Im 16. Jahrhundert gab der Naturforscher Guillaume Rondelet (1507-1566) dem Faserbart der Pinna den Namen Byssus - in Analogie zum antiken Byssus [3], [4]. In seinem Buch über die Fische des Meeres - Universae aquatilium historiae, das 1555 erschien, unterscheidet er zwischen dem Byssus der Erde und dem Byssus des Meeres: Byssus terrenus est et marinus. Der Byssus der Erde, der antike Byssus, ist ein kostbares Leinengewebe, das aus den feinsten, noch grünen Leinenfasern hergestellt wurde. Deshalb muss genau unterschieden werden zwischen dem Byssus der Antike und des Mittelalters - aus Leinen -, und dem zoologischen Byssus, dem Faserbart verschiedener Muschelarten. Die feinste, gaze- oder schleier-ähnliche Qualtität dieses Leinenbyssus wird in der Literatur auch linea nebula oder ventus textilis genannt. Da die Muschelseide oft ebenfalls mit Byssus - italienisch bisso - bezeichnet wird, sind Verwechslungen und Falschzuschreibungen häufig. Vor allem die häufige Nennung des Begriffs Byssus in der Bibel und im Zusammenhang mit altägyptischen Mumienbinden führen dazu, dass in den letzten Jahren mit Byssus bezeichnete Gewebe als Muschelseide interpretiert werden. Neueste Forschungen zeigen, dass der Begriff Byssus vor 1500 nie Muschelseide bezeichnet hat.

Geschichte

Irgendwo rund ums Mittelmeer kam irgendjemand einmal auf die Idee, die Haftfäden der Edlen Steckmuschel zu reinigen, zu spinnen und als Textilmaterial zu verwenden. Wo genau? Und wann? Das wissen wir nicht. Aus der Bronzezeit wurden in Griechenland, in Thessalien und auf Santorini viele Reste von Muschelschalen gefunden, darunter auch der Steckmuschel (Karali 1990, Fischer 2007, Burke 2012). War sie nur Nahrung? Oder wurde bereits damals deren Byssus zu Textilien verarbeitet? Waren es die Phönizier? Sie lebten bereits tausend Jahre vor Christus an der östlichen Mittelmeerküste und kannten ein anderes Meeresprodukt, den echten Purpur, den kostbarsten Farbstoff der Antike.

Antike

Das älteste Fragment aus Muschelseide, das 1907 bei Ausgrabungen ausserhalb der römischen Legionärsstadt Aquincum - heute Budapest - gefunden wurde, beweist die Existenz von Muschelseide zumindest in der Spätantike[5]. in einem Frauengrabe , dem heutigen Budapest gefunden wurdeSicher ist aber auch, dass Muschelseide in der Antike existierte, aber unter anderen Namen. Das erste schriftliche Hinweis für die Verwendung von Muschelseide ist jedoch noch älter: um 200 nach Christus. Tertullian, ein zum Christentum übergetretener Römer aus Karthago, im heutigen Tunesien, erwähnt sie in seiner Schrift De Pallio: «Nec fuit satis tunicam pangere et serere, ni etiam piscari vestitum contigisset: nam et de mari vellera, quo mucosae lanusitatis plautiores conchae comant» (Nicht war es genug, die Stoffe der Tunika zu kämmen und zu pflanzen; nein, man fand es auch nötig, den Kleiderstoff zu fischen, denn auch aus dem Meere holt man Vliesse, wo Muscheln von beträchtlicher Grösse mit Büscheln versehen sind.) Neben Wolle und Leinen, den damals üblichen Textilmaterialien, wird also auch die Muschelseide zu Bekleidungszwecken verwendet.

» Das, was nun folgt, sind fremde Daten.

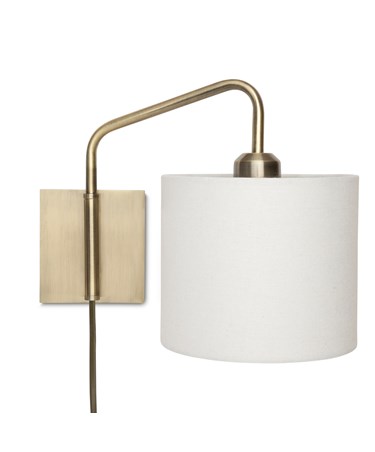 Stratton Antique Brass Swing Arm Plug In Wall Light with Natural Linen Shade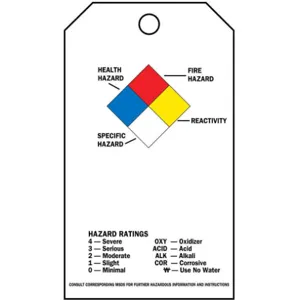 BRADY 99202 Accident Prevention Tag Polypropylene Nfpa Diamond - Pack Of 25 | AC8HTN 3AF92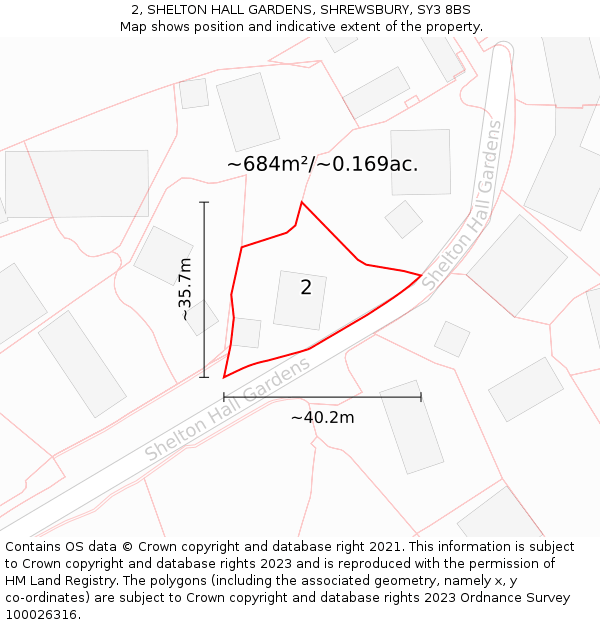 2, SHELTON HALL GARDENS, SHREWSBURY, SY3 8BS: Plot and title map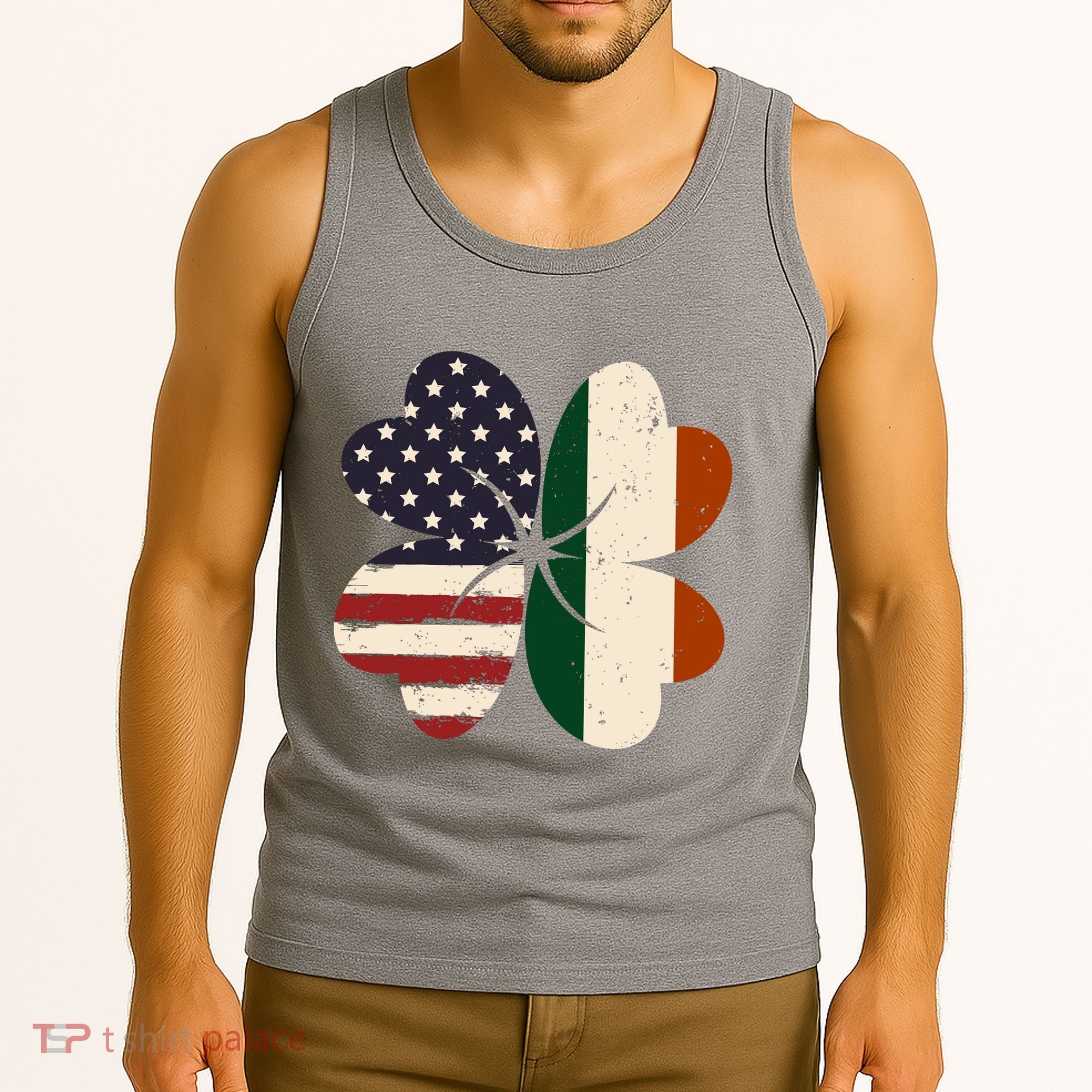 Irish American Flag Shamrock Tank Top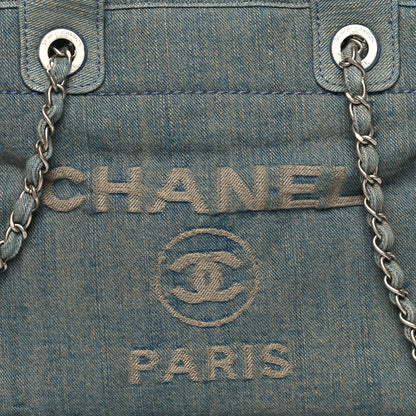 Chanel Denim Small Deauville Tote Light Blue 10 of 15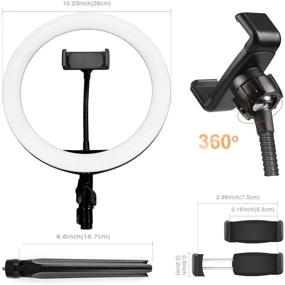 img 1 attached to 📸 10-inch LED Ring Light with Tripod Stand, Cell Phone Holder, and 3 Light Modes - Ideal for Video, Makeup, and Desktop LED Lamp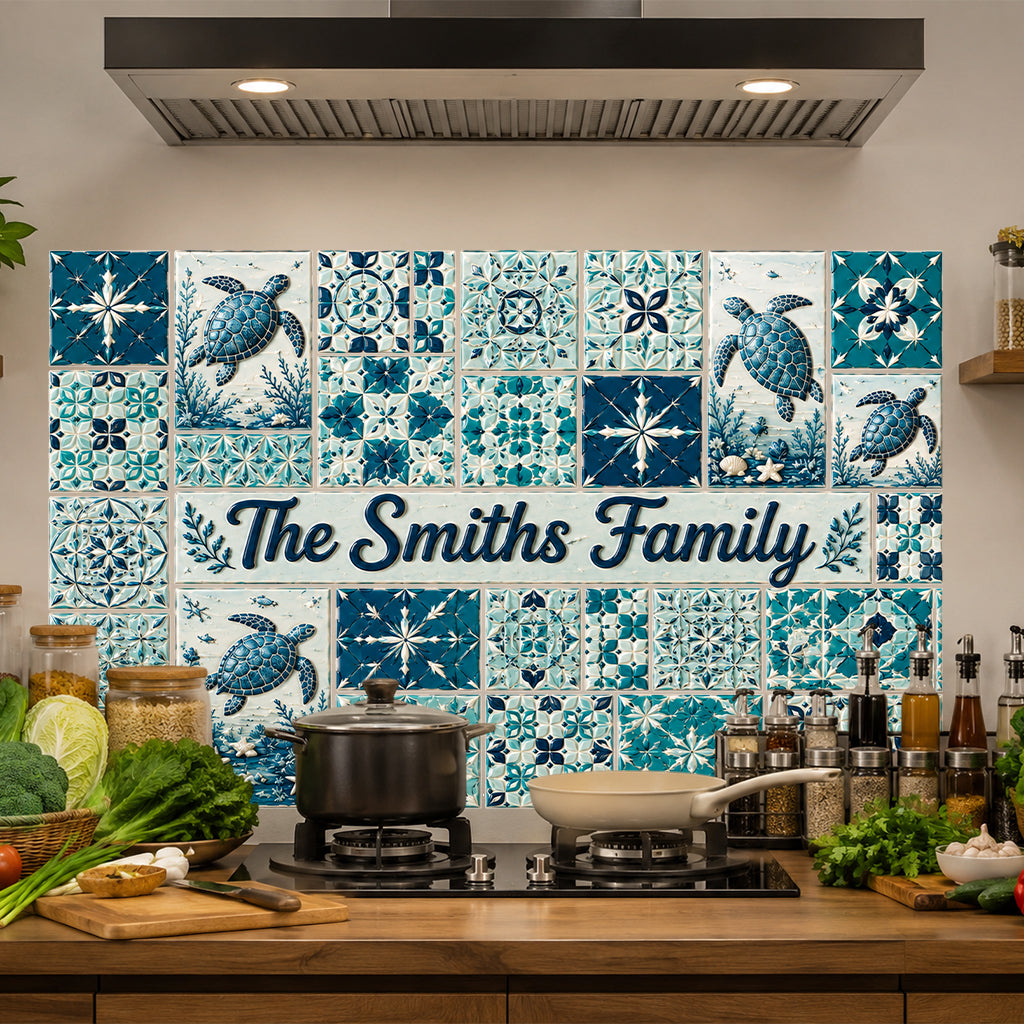 Blue Ocean Turtle Mosaic Pattern - Personalized Turtle Wall Decal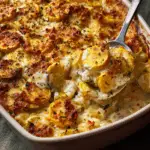 Cheesy Baked Patty Pan Squash Casserole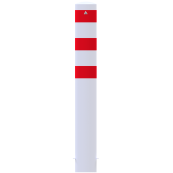 Impact protection bollards | as e-charging post protection |  193 mm | hot-dip galvanized and white powder-coated with 3 red reflective strips foil type RA1/A | for casting in concrete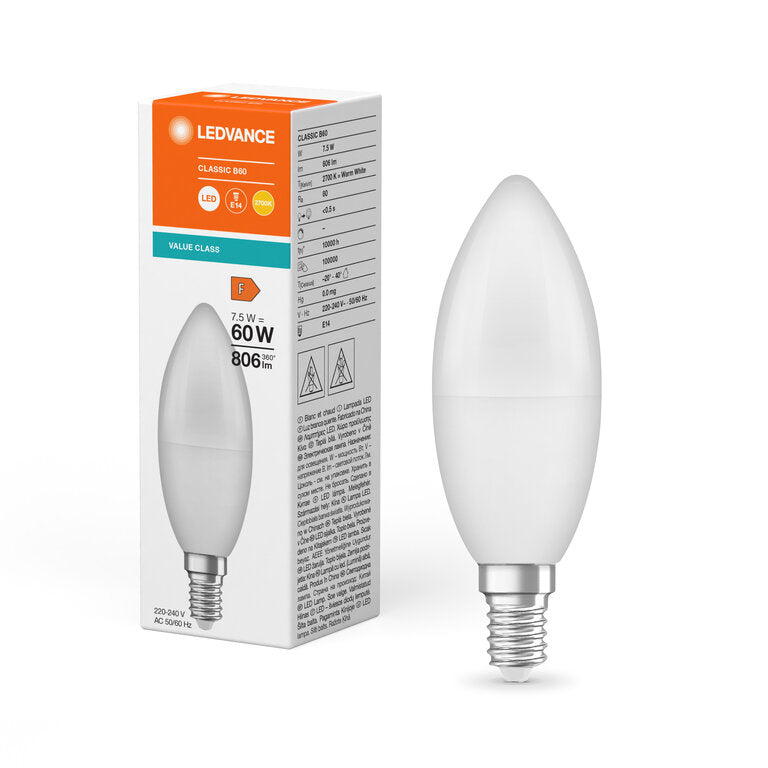 Osram / Ledvance LED Kerze B matt 200° Value 7,5-60W/827 warmweiß 806lm E14 220-240V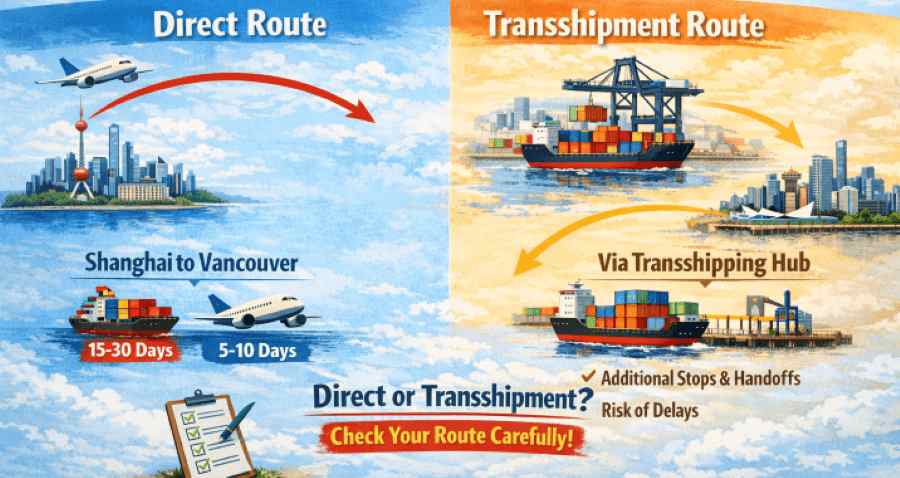 Direct vs. transshipment shipping time from China to Canada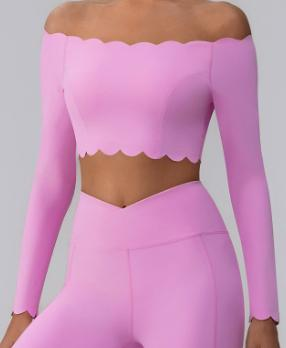 Scallop-Hem Off-Shoulder Crop Top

Das Buch Periplus maris Erythreai, dessen Verfasser nicht bekannt ist, stammt aus dem 1. Jahrhundert nach Christus. Es ist ein Handbuch für den Import und Export von Handelsgütern und beschreibt die Schiffsrouten und Hafenstädte zwischen Indien und Ostafrika. Hier taucht auch der Begriff pinikon auf, der unterschiedlich interpretiert wird. Sind es Perlen oder mit Perlen bestickte Stoffe? (Kaeuffer 1859). Oder ist es Muschelseide? (Gilroy 1845, Schrader 1886). Meint pinnikon oder pinninon - Begriffe, die wir 800 Jahre später in Sardinien finden werden - das Gleiche?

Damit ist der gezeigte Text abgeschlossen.